Per quanto mi riguarda il
nome di Nikolaus Geyrhalter era, fino a qualche ora fa, quello di un
perfetto sconosciuto, ma andando a leggere il suo denso curriculum in
rapporto ad un’età relativamente “giovane” (è nato a Vienna
nel ’72) facciamo conoscenza con un documentarista che sembra avere
girato dei titoli sulla carta abbastanza interessanti, e non stupisce
allora che questo film, presentato a Berlino ’16 dopo quasi un
lustro di lavorazione, sia un oggetto anomalo e dalle sfiziose
premesse.
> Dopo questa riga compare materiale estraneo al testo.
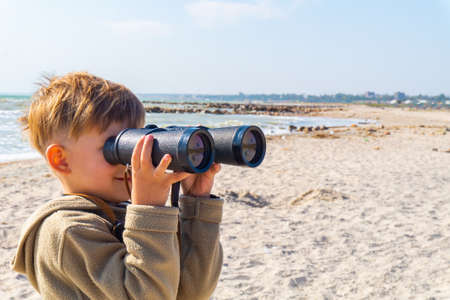 The boy looks through binoculars on the beachの写真素材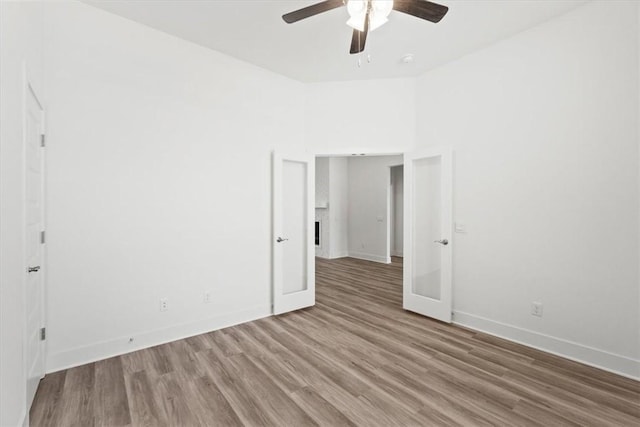 unfurnished bedroom with ceiling fan, baseboards, and wood finished floors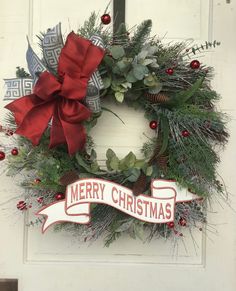 a christmas wreath hanging on a door with a merry christmas ribbon around the wreath and bow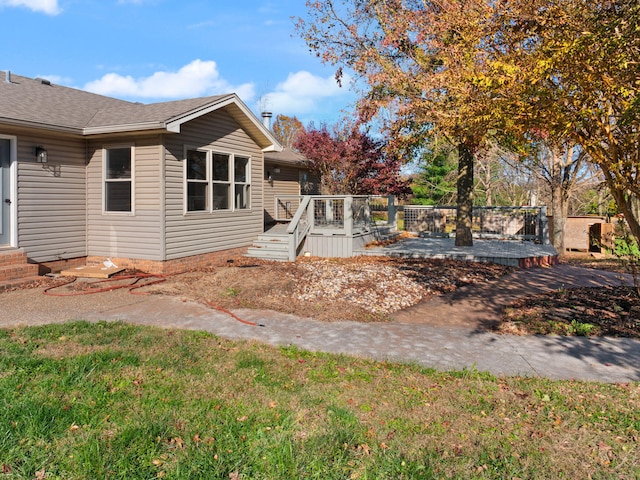 back of property featuring a deck and a yard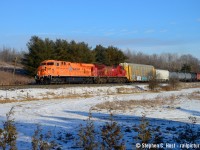 Approaching Ayr, CP 235 with the Hapag-Lloyd "Saint John Express" commemorative unit rolls by the old quarry near Ayr in beautiful winter light. Normally gone by the time I wake up, a defective crossing and taking switches in hand at Guelph Jct East allowed me plenty of time to get ready at home then to head out and find a spot. Thanks to Bill Miller for the location suggestion.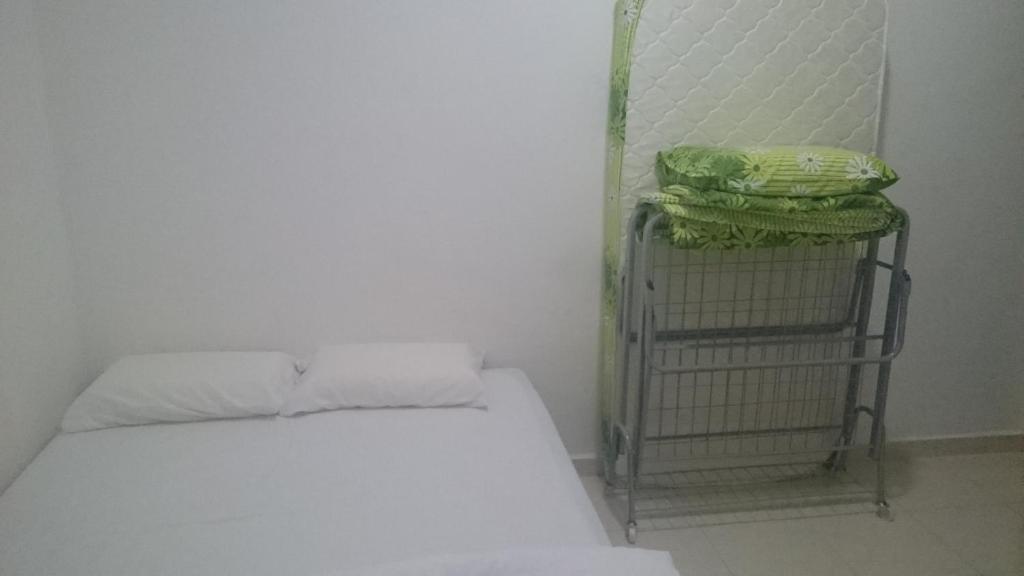 Postel nebo postele na pokoji v ubytování Axis Hotel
Homo Sapiens (2016) è un’opera che inanella per
tutta la sua durata immagini in giro per il globo di luoghi eretti dall’uomo e ormai
abbandonati, e pur non avendo coordinate in
quanto non vi è alcuna descrizione sulle location, si intuisce che
il depliant è planetario poiché Geyrhalter rimbalza da zone
ex-sovietiche (l’apertura e la chiusura è fornita dal gigantesco
monumento di Buzludzha in Bulgaria) ad altre orientali (sicuramente
Giappone) e ad altre ancora che non hanno una precisa collocazione
geografica, il che contribuisce a creare uno stato filmico di “sempre
e ovunque” che abbatte i confini fisici per ritrarre uno spazio a
se stante, un memoriale dell’abbandono, un’elegia dello sfascio,
perché nelle rovine di un McDonald’s,
di un parco giochi, di un ospedale, di una chiesa o di una prigione,
nella loro solitudine abitata da fantasmi, si intrasente il ricordo
di ciò che fu, ed è qui che Geyrhalter pone il suo
centro concettuale, Homo Sapiens è un film sull’essere
umano senza esseri umani, è un occhio che arriva dieci, venti, cento
anni dopo la scomparsa delle persone e che in un certo qual modo
trasla il film dal genere documentario a quello post-atomico.
Assodata l’assenza
dell’uomo sapiente (definizione alquanto opinabile), il
regista spinge parecchio sull’idea di una natura come unica
possibile sopravvissuta nei secoli a venire, ciò si desume grazie ad
un preciso lavoro nel campo sonoro implementato da un editing che
intensifica e sovrappone certe manifestazioni naturali, pertanto la
concezione di una corruttibilità dell’artificio umano è
certificata dalla lenta ma implacabile invasione della Natura
sottoforma di muschio, acqua, vento, erbacce, sole ed uccellini (gli
unici animali del creato con cui avremo a che fare) che zelanti
penetrano nelle macerie del cemento armato per farle proprie, per
deumanizzare, inconsapevolmente, il manufatto. Se vogliamo tale
movimento purificante può portarci molto lontano, nelle zone della
teoria cinematografica dove la necessità di un processo
definzionalizzante è un’urgenza a cui non ci si può sottrarre ed
il richiamo a forme originarie nelle quali trovare comunque degli
spunti estetico-narrativi dovrebbe essere l’obiettivo di chiunque
si considera un autore. Ad ogni modo non credo che Geyrhalter abbia
messo in preventivo un discorso così ampio, per cui è opportuno
asserire che: oggettivamente trovo parecchio stuzzicante l’idea di
mettere una mdp nel mondo e lasciare che la realtà diventi cinema,
non ci sarebbe niente di più facile e al contempo di più difficile,
tuttavia Homo Sapiens non si posiziona esclusivamente su
queste frequenze, facendo fede al proprio diktat di riprendere posti
in decadimento si autolimita proponendo un tour sicuramente
suggestivo e affascinante ma anche un po’ statico, l’impressione
è che non ci sia un’espansione così ampia al di là di quanto si
vede, stabilita l’antitesi tra titolo e argomentazione è faticoso
rintracciare un oltre. Resta il fatto che questo Geyrhalter, avendo
più tempo e più voglia, sarebbe da approfondire.